Aujourd'hui s'achève la visite inédite de trois jours d'une délégation du Comité international de coordination des institutions nationales (CIC) des Nations unies à Alger présidée par Mme Rosslyn Noonan. Le comité de l'ONU, chargé d'évaluer la conformité des institutions nationales des droits de l'homme (INDH) avec les Principes de Paris, a été invité par Farouk Ksentini, président de la Commission nationale consultative de promotion et de promotion des droits de l'homme (CNCPPDH - INDH algérienne) dans le but affiché de "renforcer les liens de coopération et de collaboration entre l'Algérie et le système des droits de l'homme des Nations Unies". Alkarama s'étonne de constater qu'aucun membre de la société civile n'a été associé à cette visite et voit là l'occasion pour la très contestée Commission de "redorer son blason" et tenter de regagner son statut A.
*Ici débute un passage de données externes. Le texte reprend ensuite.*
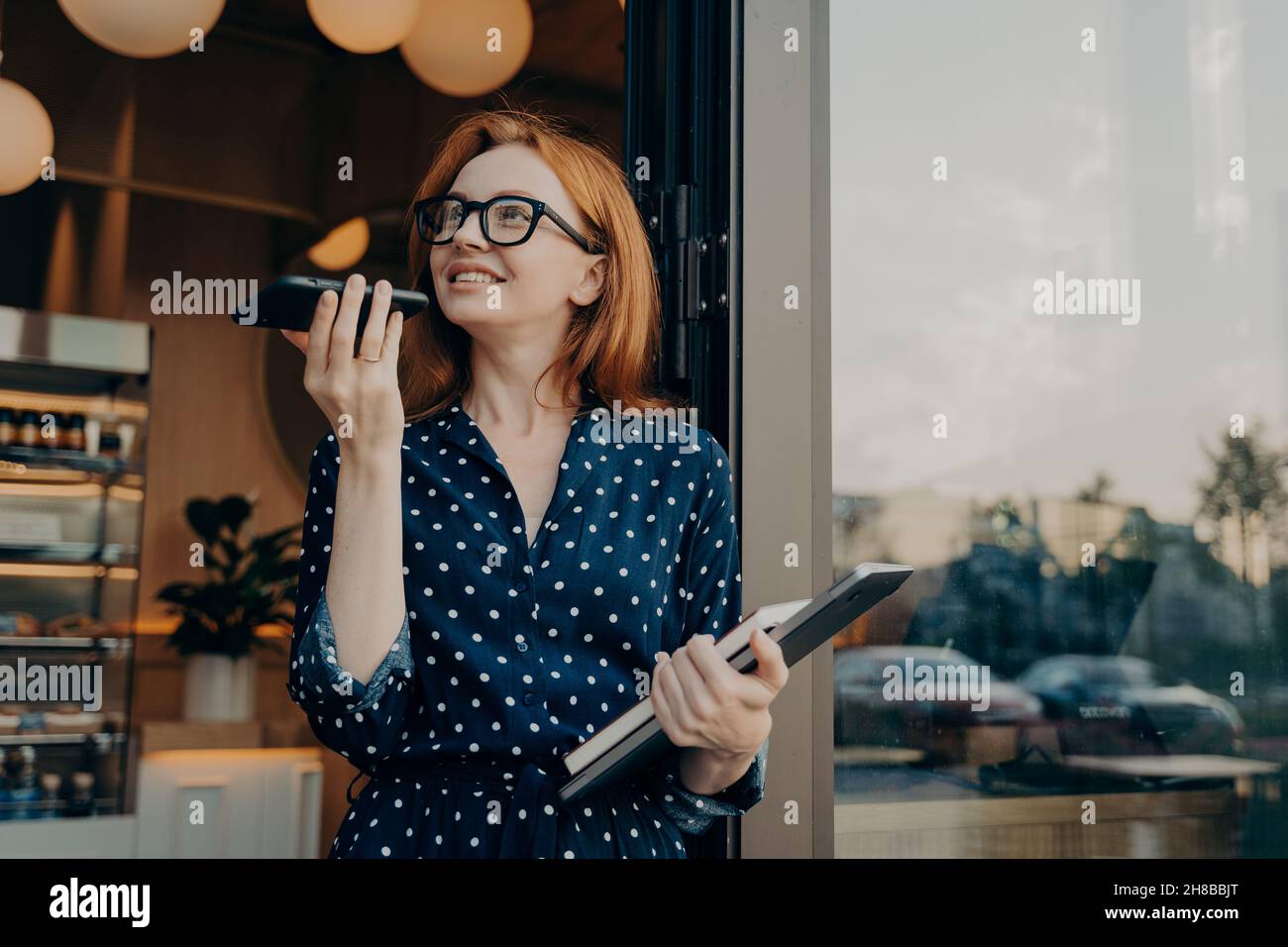 Pretty Woman spricht über den Lautsprecher über das Smartphone zeichnet Sprachnachrichten auf Stockfoto
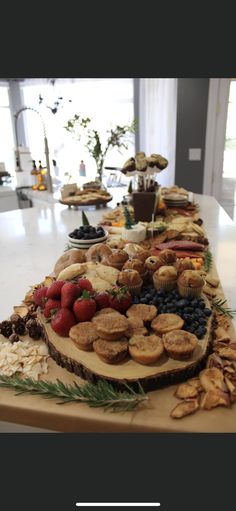 a table topped with lots of different types of food on top of a wooden cutting board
Un huis-clos diplomatique? La société civile écartée
La visite de la délégation du CIC à Alger sonne un peu comme un désaveu du rôle de la société civile en Algérie et n'est guère surprenant au vu de l'absence totale de collaboration entre l'INDH et la société civile algérienne. Au cours de cette visite, aucune organisation des droits de l'homme ou média indépendant n'a été invité à participer aux échanges entre la délégation de l'ONU, les membres de l'INDH algérienne et les responsables algériens sur la situation des droits de l'homme en Algérie et le rôle de la Commission Ksentini. Le plus étonnant est la présence de Rezzag Bara, ex-président de l'Observatoire national des droits de l'homme (ONDH) installé par le régime militaire au lendemain du coup d'état de janvier 1992 et promu aujourd'hui conseiller particulier du président Bouteflika à la sécurité.L'ONDH avait été constamment dénoncé par les militants et les ONG des droits de l'homme durant la décennie noire en raison de son silence, voire de sa complicité directe dans les très graves violations des droits de l'homme commises durant la décennie noire.
Alors que la présidente de la délégation Mme Rosslyn Noonan avait déclaré qu'il "y avait beaucoup de travail à faire" sur la situation des droits de l'homme, elle n'a pu discuter avec aucun représentant de la société civile. Convié à participer à la rencontre par la Commission Ksentini, Me Mustapha Bouchachi, président de la LADDH, a décliné l'invitation au motif qu'il appartenait au CIC de prendre directement contact avec la ligue « pour une rencontre bilatérale" qui aurait été « l'occasion d'aborder toutes les questions des droits de l'homme, notamment le rôle de la CNPPDH » et que la commission a toujours « défendu le pouvoir politique ».
Il est à regretter que la délégation du CIC n'ait pu rencontrer les membres de la société civile non autorisés, en particulier les associations de familles de disparus qui n'ont pas manqué de manifester publiquement leur désapprobation à cette visite à sens unique. Cela est d'autant plus regrettable que le sous-comité d'accréditation avait pu relever par le passé l'absence de relations de collaboration entre l'INDH et les acteurs de la société civile. Il ne fait aucun doute que l'invitation du CIC à Alger a pour but de le convaincre de revenir sur sa décision prise en 2009 de rétrograder la CNCPPDH, le statut A lui ayant été retiré en mars 2009 en raison de sa non-conformité avec les principes de Paris et notamment son absence d'indépendance vis-à-vis des autorités.
En marge de la rencontre avec le CIC, Me Ksentini a expliqué à El Moudjahid, quotidien algérien proche du régime, que cette visite était « l'occasion de remettre les choses à leur place » et de « leur donner une image qui reflète la réalité des droits de l'homme en Algérie », image ternie par « les ennemis de l'Etat », i.e. les ONG et les groupes de la société civile non agréés.
Statut B, Status quo
Au cours des dernières années, Alkarama a soumis de nombreuses informations au Sous-comité d'accréditation du CIC sur la Commission Ksentini et plus généralement sur la situation des droits humains en Algérie, relevant l'absence d'indépendance de cette institution créée par le pouvoir à laquelle elle est acquise et dont la principale préoccupation a été de dissimuler l'ampleur des crimes et violations graves des droits de l'homme commis par les services de sécurité algériens pendant la guerre civile des années 1990. Alkarama interpelle le CIC pour lui rappeler la nécessité de consulter tous les acteurs de la société civile algérienne, déterminants dans l'évaluation objective de la situation des droits de l'homme en Algérie et du rôle de l'INDH algérienne, et non de se limiter à une discussion bilatérale avec une institution dont l'impartialité a été largement remise en question par les organisations des droits de l'homme algériennes.